Change is certainly gathering momentum with each passing day as the stunning elections victory seeps like dye into the entire fabric of our nation. Change brings with it its own challenges; those that don’t adapt will quickly become irrelevant.
Nowhere is the need to adapt to change more evident than in UMNO itself.
UMNO-BN is a broken party now – morally bankrupt, politically exhausted, without credibility, purpose or direction, and utterly bereft of the kind of leadership it will need to reinvent itself. The whole premise of its existence has been challenged and found wanting. Cut off from sources of easy money, the system of money politics that has long sustained the party will collapse. Without the prospect of immediate position, power and profit, how many will even remain in UMNO?
Two things must happen if UMNO is to successfully reinvent itself – it must find a new raison d’être [a reason to exist] and it must attract a new breed of leaders.
The manner in which race and religion once dominated our politics is changing. In time, it will hopefully be less of a determinant. Issues like good governance, justice, economic development and respect for the rights of citizens, on the other hand, will be more important. We are not there yet, of course, but we are heading in that direction.
UMNO can fall back on its failed racist agenda or it can take the high road and become a party that serves the interests of all Malaysians. Already, there is talk within UMNO of moving from a Malay to a Malaysian political party. It is left to be seen if the diehard racists within UMNO will allow this to happen. However, if it does succeed in overcoming its race-based DNA, it would be an inspiring moment, soemthing that would significantly alter the political landscape. Certainly, it would be more than we could have hoped for.
The other thing is leadership. To survive, UMNO must attract new and untainted leaders. There is surely no shortage of talented, well-educated and professional Malaysians out there who will rise to the challenge if given an opportunity. Just look at the PH team – they have such a bounty of highly educated men and women with the talent, passion and integrity to lead our nation forward. UMNO must find a way to similarly attract the brightest and best to fill its ranks.
The present leadership is too closely linked with the culture of corruption, racism and entitlement to be acceptable, at least at this time. They were happy to stand with Najib, even vociferously defending and praising him, despite all the evidence of wrongdoing. Half-hearted contrition now that their misdeeds are on public display just doesn’t carry much weight. They chose to stand on the wrong side of history and must now share Najib’s fate in defeat.
The very fact that they are once again contemplating a no-contest rule for the top three posts indicates how addicted they are to the old ways. Have they learned nothing from their recent debacle? What the party needs, especially now, is an open and transparent leadership contest not backroom deals that stifle it. If they can’t see that, UMNO is well and truly doomed.
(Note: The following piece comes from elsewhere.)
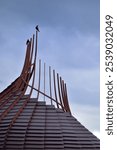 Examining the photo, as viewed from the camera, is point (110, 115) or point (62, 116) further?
point (62, 116)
In any case, if people like Zahid Hamidi, Khairy Jamaluddin and Hishammuddin Hussein want to convince the people that they are truly ready to lead a reformed UMNO, they can start by unilaterally declaring their assets.
A credible opposition
In the meantime, UMNO will be incapable of fulfilling its function as an effective counterweight to PH in Parliament. With zero credibility and zero integrity, how will they hold the PH government to account? How will they defend our democratic rights, for example, after having done so much to destroy it? How will UMNO help ensure that power does not corrupt the PH government when almost all of the present senior leadership are themselves suspect in the eyes of the public?
UMNO now owes it to the people of this great nation to quickly reinvent itself as a Malaysian party committed to national unity, good governance, and unselfish public service so they can take their rightful place as His Majesty’s loyal opposition in Parliament. Malaysians won’t accept anything less from them.
I, for one, having spent the better part of ten years criticizing and taking UMNO-BN to task, now hope they’ll succeed because, like it or not, they are a necessary part of our march towards a better, more democratic state.
It is often said that democracy is a work in progress; let both victor and vanquished now rededicate themselves to realizing the vision of that “sovereign democratic and independent state founded upon the principles of liberty and justice and ever seeking the welfare and happiness of its people…” which Tengku Abdul Rahman first laid before the nation in 1957.